有没有办法让d3了解我想要应用到基于力的图的某些节点的自定义力?例如,在这个小提琴中:JSFiddle我创建了3个节点,我希望将其分组为一个矩形,另外一个节点应该在该组之外,除非它没有因为D3没有办法知道。
以下是允许我定位节点和组的代码:
function positionAll() {
positionGroups(d3.selectAll('.myrect'));
}
function positionGroups(data) {
var groupBoundaries=[];
data.each(function(d,i) {
var boundaries = positionRect.call(this,d);
if (d.group !== undefined) {
if (!groupBoundaries[d.group]) {
groupBoundaries[d.group]=[];
}
groupBoundaries[d.group].push(boundaries);
}
});
d3.forEach(groupBoundaries, function(boundaries, currentGroup) {
var topBoundary = d3.min(boundaries, function(coord) { return coord.y1; }) - 10;
var rightBoundary = d3.max(boundaries, function(coord) { return coord.x2; }) + 10;
var bottomBoundary = d3.max(boundaries, function(coord) { return coord.y2; }) + 10;
var leftBoundary = d3.min(boundaries, function(coord) { return coord.x1; }) - 10;
d3.select('.group').filter(function(group) { return group.name === currentGroup; })
.attr("x",leftBoundary)
.attr("y",topBoundary)
.attr("width",rightBoundary-leftBoundary)

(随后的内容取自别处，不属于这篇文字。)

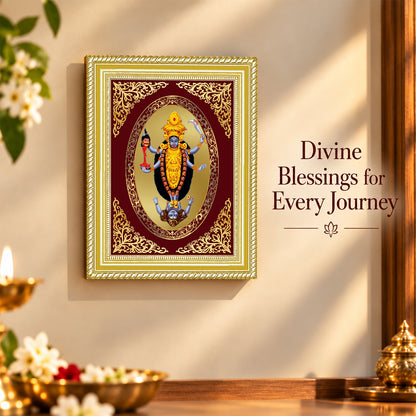 24K Gold-Plated Maa Kali Frame | Premium Gift Box | 26x20 CM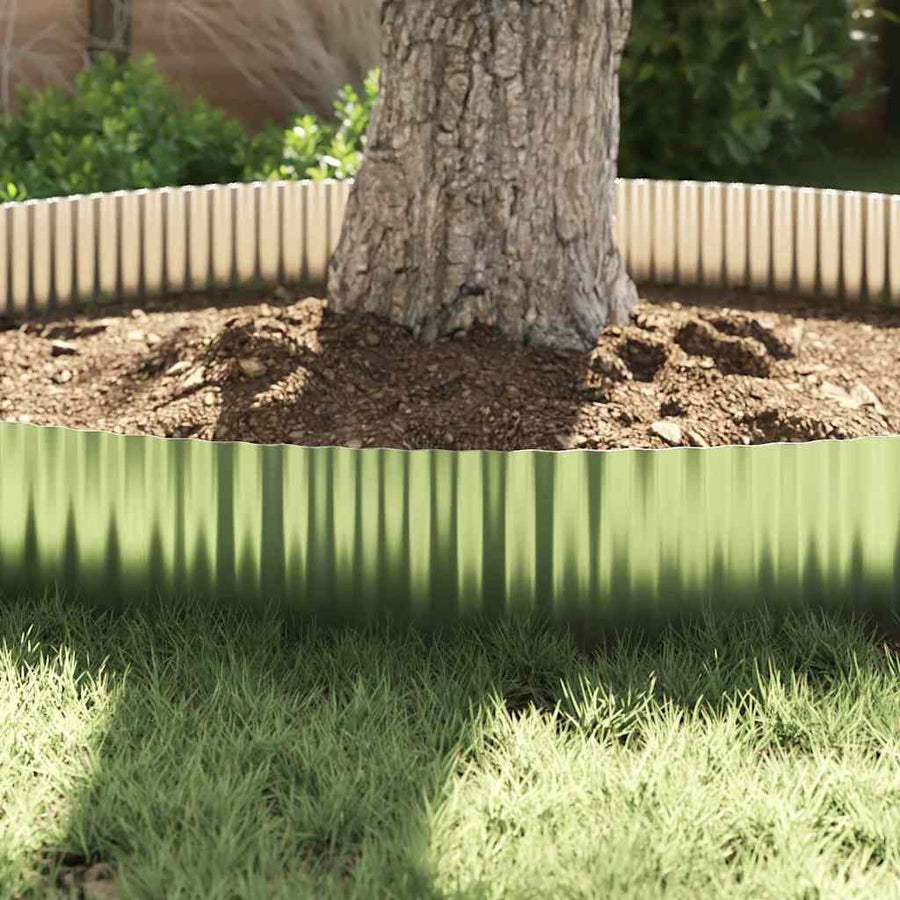 Lawn Edge 1000 x 25 x 0.03 cm Galvanised Steel Silver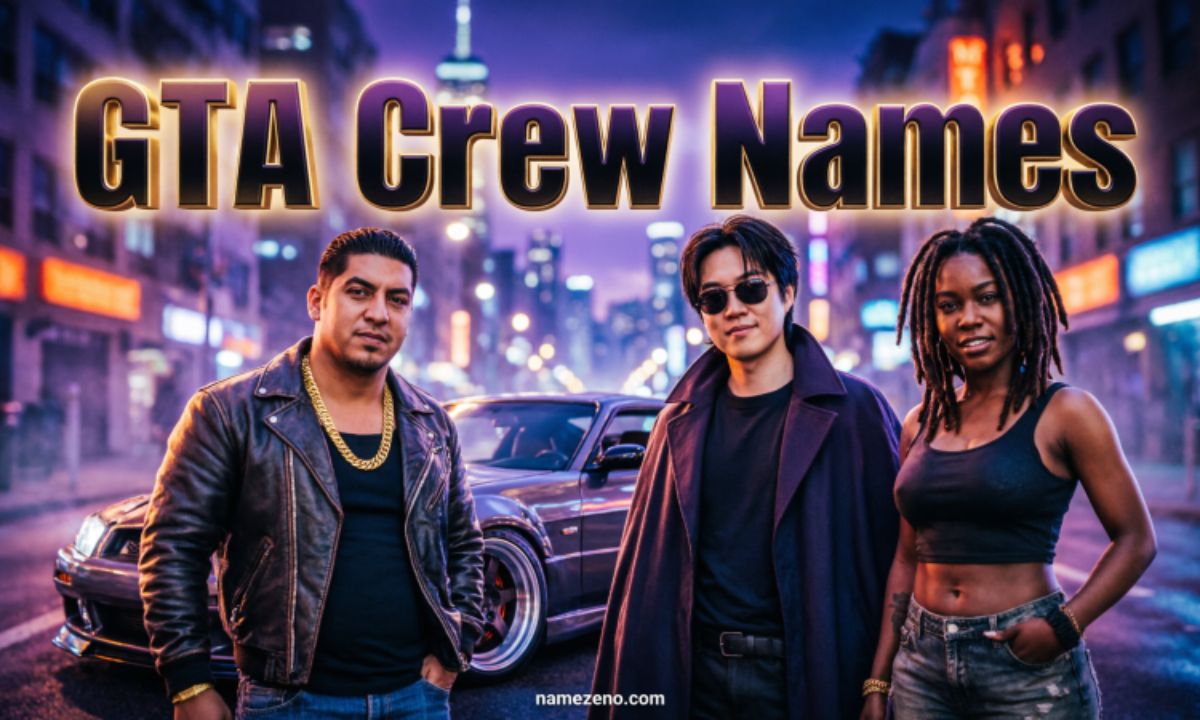 GTA Crew Names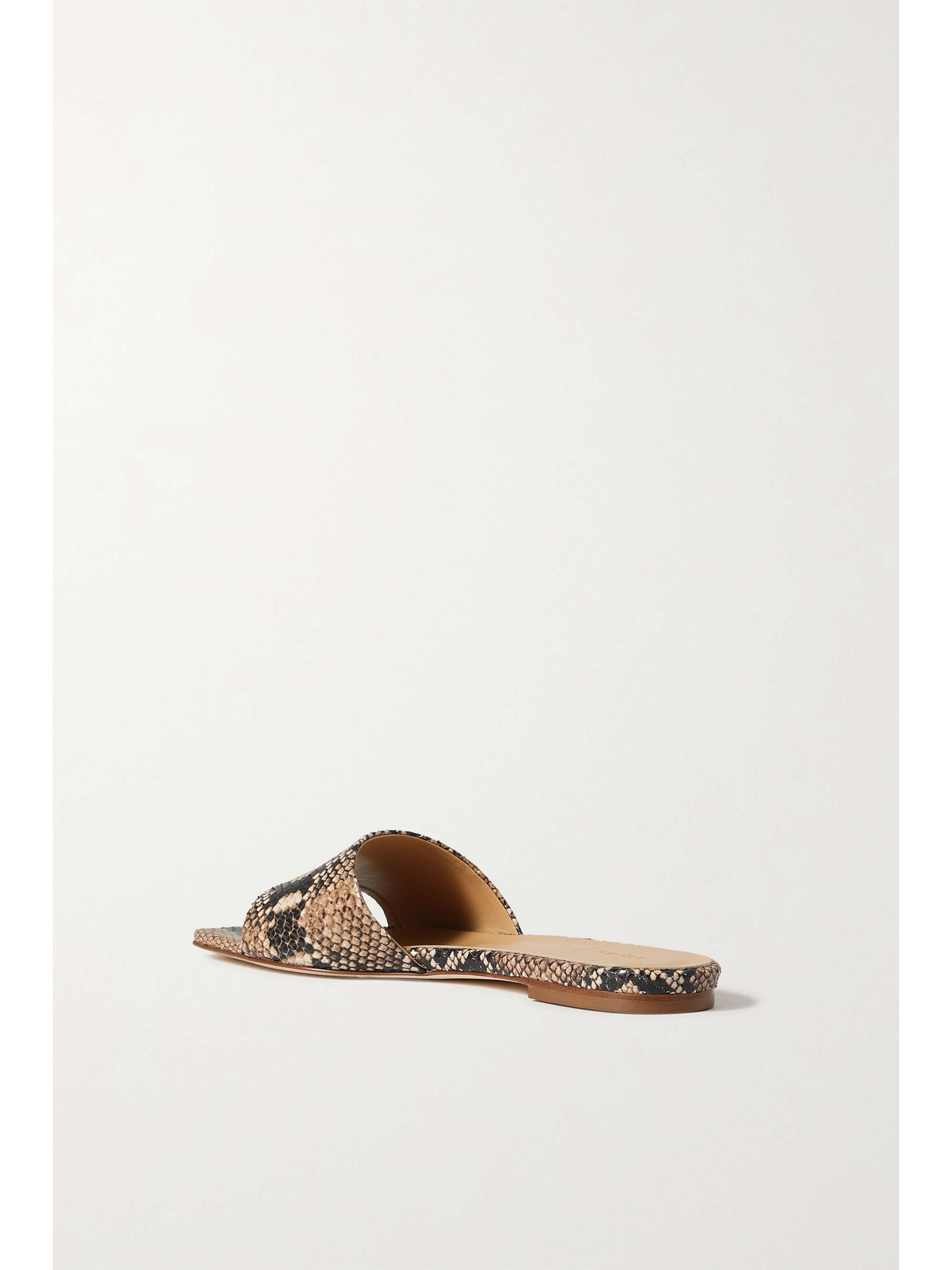aeyde chrissy leather slides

.attr("height",bottomBoundary-topBoundary);
});
};
function positionRect(d) {
var x = d.x || 0;
var y = d.y || 0;
d3.select(this)
.attr("x", x)
.attr("y", y);
return {x1: x, y1: y, x2: x+this.getBBox().width, y2: y+this.getBBox().height};
};
当然我可以手动计算出组外节点的位置,但是我不会真正利用力布局。